00:03:24.870 --> 00:03:27.680
1.5 squared is 2.25.
00:03:28.100 --> 00:03:29.470
One squared is one.
00:03:29.740 --> 00:03:32.150
1.5 squared again is 2.25.
00:03:32.320 --> 00:03:33.840
And zero squared is zero.
00:03:34.260 --> 00:03:39.190
At this point, let’s recall the mathematical relationship for Spearman’s correlation coefficient.
00:03:39.510 --> 00:03:42.510
We often represent this coefficient using an 𝑟 sub 𝑠.
00:03:42.860 --> 00:03:54.300
It’s equal to one minus six times the sum of all these 𝑑 sub 𝑖 values squared divided by the number of data points in our set 𝑛 multiplied by that number squared minus one.
00:03:54.720 --> 00:04:04.680
To calculate Spearman’s correlation coefficient for a set of data then, the two things we need to know are the sum of all the 𝑑 sub 𝑖 squared values and also the total number of points in the set.
00:04:05.100 --> 00:04:11.810
Considering the sum of 𝑑 sub 𝑖 squared, we can solve for that by adding together all the results in the last row of our table.
00:04:12.180 --> 00:04:19.300
16 plus zero plus 2.25 plus one plus 2.25 plus zero adds up to 21.5.
00:04:19.780 --> 00:04:26.630
And then, regarding the number of data points in our set, we see that we have one, two, three, four, five, six such points.
00:04:27.040 --> 00:04:29.600
This means that, in our case, 𝑛 equals six.
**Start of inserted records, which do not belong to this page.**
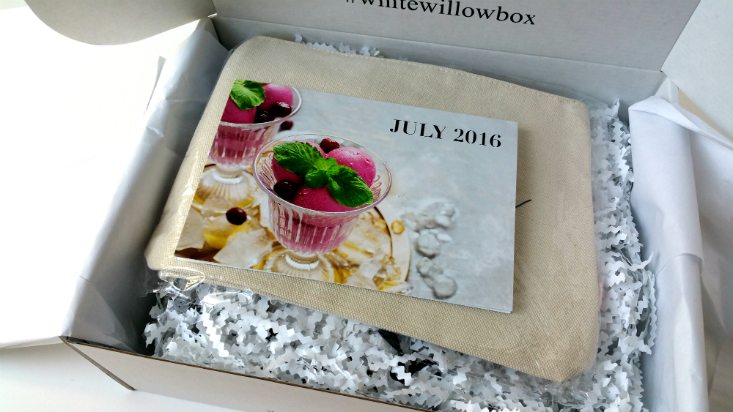 WHITE WILLOW JULY 2016 - PACKAGING 2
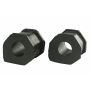 MEVOTECH MK90636 Suspension Stabilizer Bar Bushing Kit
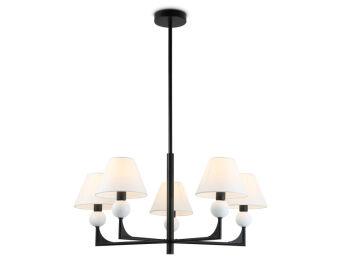 Люстра на штанге Ambrella Light LH75153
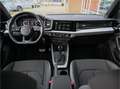 Audi A1 Citycarver 30TFSI 116PK S-Line Design-Pakket M-Led Grijs - thumbnail 13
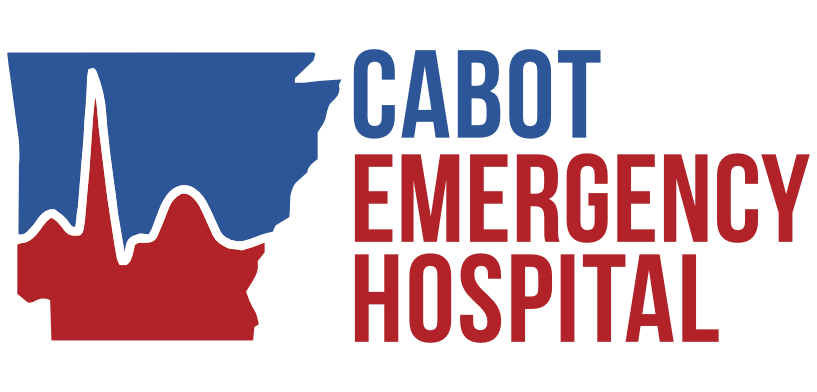 cabot emergency hospital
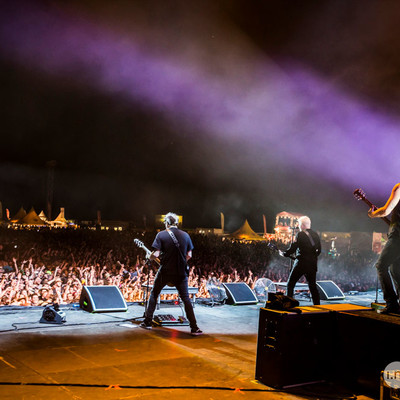 3R7A7052.jpg 3R7A7052.jpg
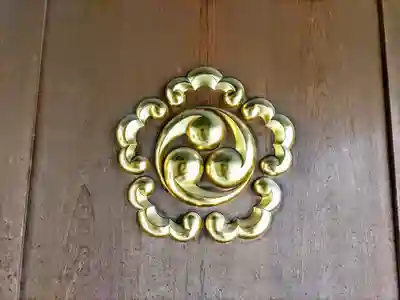 雲心寺のその他建物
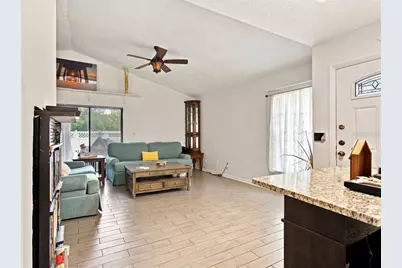 1932 Gregory Drive, Tampa, FL 33613 - Photo 13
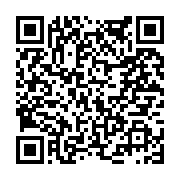 고시/공고 페이지 바로가기 주소(https://www.jangseong.go.kr/q/ezIyOHwyMjU3NHxzaG93fHBhZ2U9NTM4fQ==&e=M&s=3), QRCODE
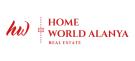 Maija Software, Home World Alanya Real Estate
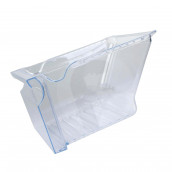 Cassetto inferiore (parte congelatore) 370X305X197 mm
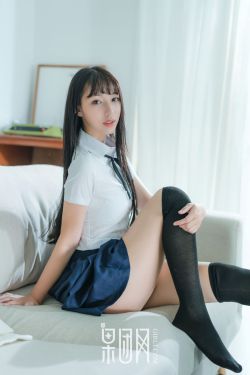 抓娃娃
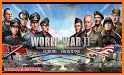 World War 2: WW2 Grand Strategy Games Simulator related image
00:04:29.960 --> 00:04:39.980
And now that we’ve gotten these two bits of information from the data in our set, we can clear away all the rows we created and move ahead to calculate 𝑟 sub 𝑠, Spearman’s correlation coefficient.
00:04:40.410 --> 00:04:44.570
We sub in our values for the sum of 𝑑 sub 𝑖 squared and 𝑛.
00:04:45.140 --> 00:04:50.340
And note that because 𝑛 equals six, one factor of six cancels from numerator and denominator.
00:04:50.660 --> 00:04:53.090
Moreover, six squared is 36.
00:04:53.230 --> 00:04:59.680
So we can express 𝑟 sub 𝑠 as one minus 21.5 over 36 minus one, or 35.
00:05:00.230 --> 00:05:04.870
Calculating this out, we get 0.38571 and so on.
00:05:05.120 --> 00:05:08.870
But note that we want to give our final answer rounded to three decimal places.
00:05:09.170 --> 00:05:12.540
Doing this, we get a result of 0.386.
00:05:12.940 --> 00:05:17.820
To three decimal places, this is the Spearman’s correlation coefficient between 𝑥 and 𝑦.